Although the importance of infection as a cause of preterm delivery is gaining recognition, little is known about the role of GBS infection in miscarriages. McDonald and Chambers (25) stated that GBS was a key pathogen in unsuspected intrauterine infections underlying spontaneous midgestation abortions. The study of Daugaard et al. (26) demonstrated an association between the presence of group B streptococci in the urine and on the cervix and late spontaneous abortions, but El Kersh et al. (27) found no correlation between the presence of group B streptococci and a history of repeated spontaneous miscarriages. In the US, the screening-based strategy has been recommended since 2002 (2). This recommendation was based on data found in a recent study comparing the screening- and risk factor-based strategies. The conclusion of that study was that the screening-based strategy was over 50 % more effective than the risk factor-based strategy (28). The management strategy depends on local factors, such as the percentage of GBS carriers and the percentage of pregnant women with prenatal risk factors within the population, the organization of prenatal care and the local availability of laboratory facilities. The choice of the preventive strategy should be based on rationality, cost-effectiveness and current knowledge and possibilities (29).

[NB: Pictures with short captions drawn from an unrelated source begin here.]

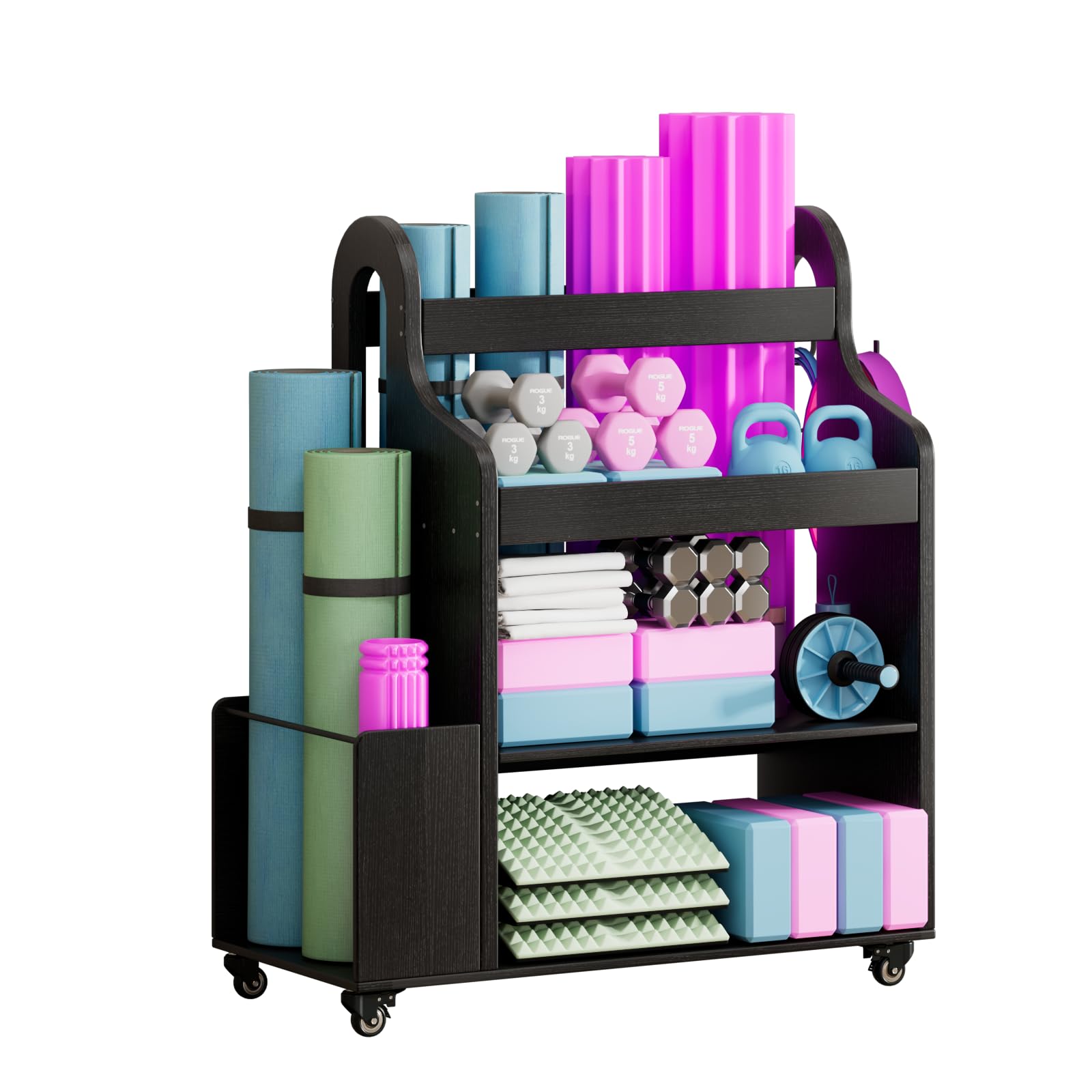 Dumbbell Weight Rack with Wheels & Hooks - All-in-One Home Gym Storage Organizer for Dumbbells, Yoga Mats, Foam Rollers - Space-Saving Workout Equipment for Home Exercise & Yoga Studio (Wooden)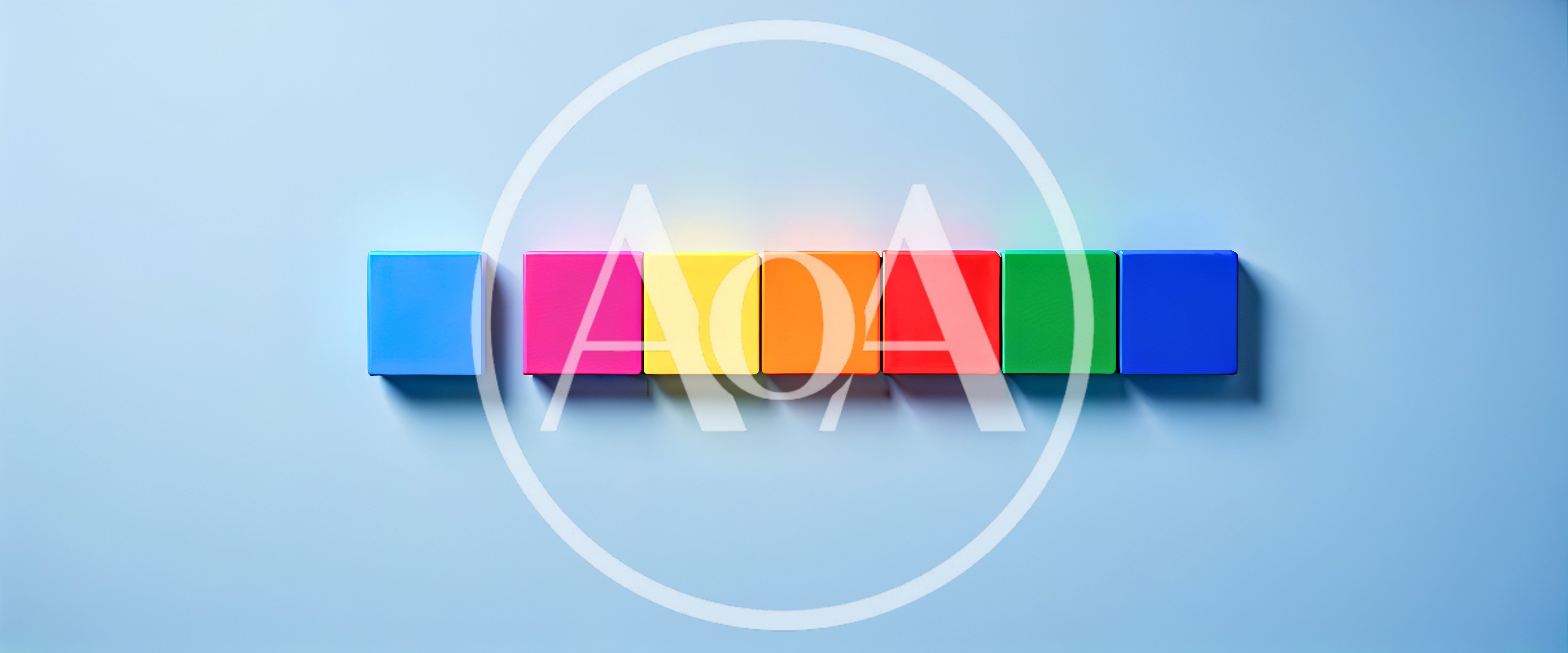 Seven Colorful Cubes Arranged In A Row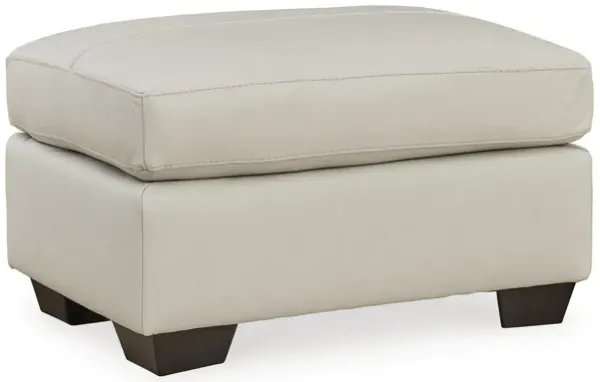 Zada Accent Ottoman, Coconut Beige Real and Faux Leather 34 Inch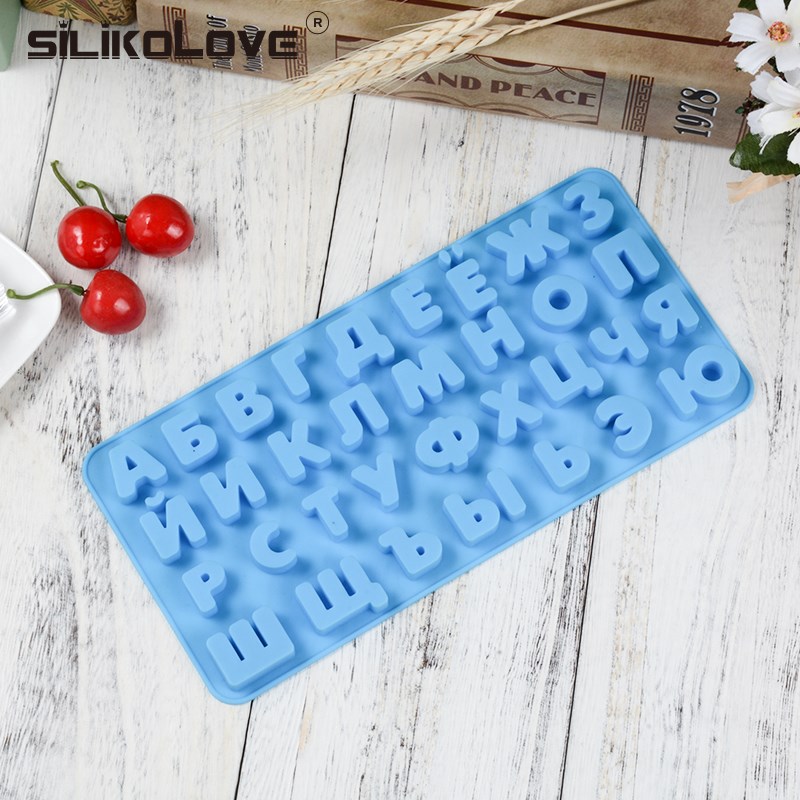 Russian Alphabet Silicone Mold Letters Chocolate Mold 3d Cak - 图0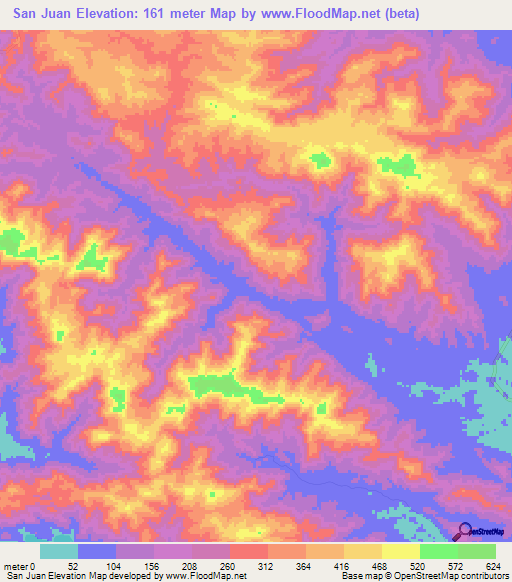San Juan,Panama Elevation Map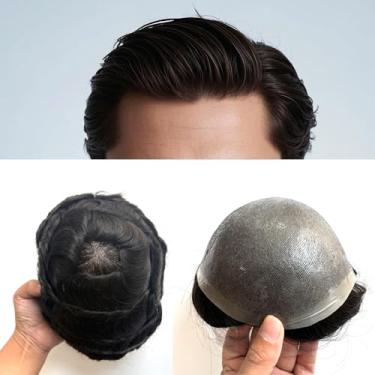Imagem de Hywel Toupee masculina com cabelo humano real, pele macia completa peruca de nó único para homens, espessura (08-10 mm) sistema de cabelo ondulado natural tamanho base 17 x 23 polegadas, peças de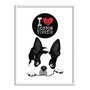 Quadro Decorativo Cachorro Frase: "I Love Boston Terrier" Branco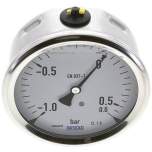 Wika MW -106100 GLY CR Glycerin-Manometer waagerecht (CrNi/Ms),100mm, -1 bis 0,6bar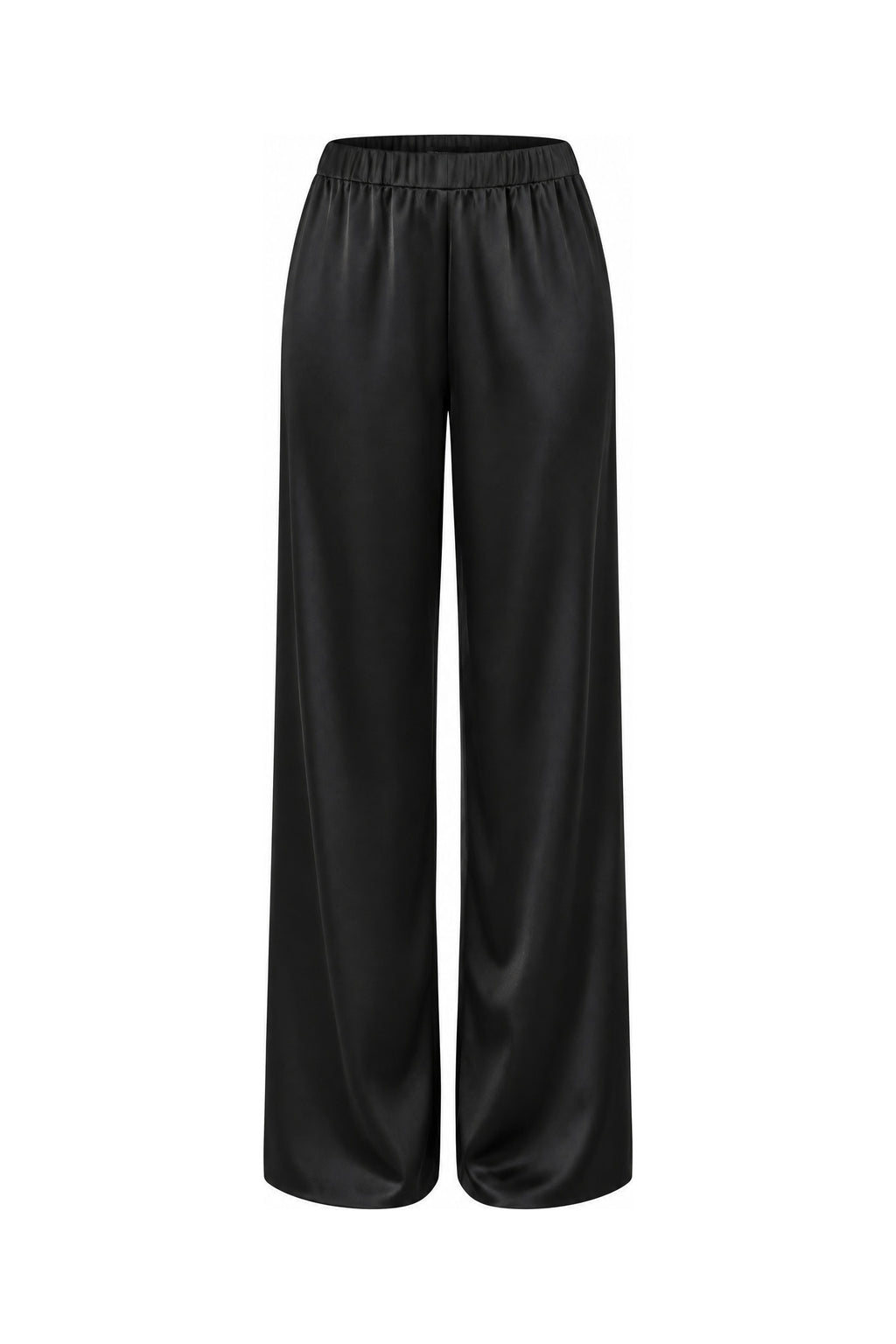 Satin Wide-Leg Pant in Black, laid flat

We found that GBS can be detected rapidly and reliably by a PCR assay using combined vaginal and anal secretions from pregnant women at the time of delivery. This study also showed that the rate of incidence of GBS is high in Iranian pregnant women. We, therefore, emphatically recommend a screening-based strategy to detect GBS in Iranian pregnant women.

Ethical considerations

Ethical issues (Including plagiarism, Informed Consent, misconduct, data fabrication and/or falsification, double publication and/or submission, redundancy, etc) have been completely observed by the authors.

Acknowledgments

This work was supported by a research grant from Tehran University of Medical Sciences. The authors declare that there is no conflict of interests.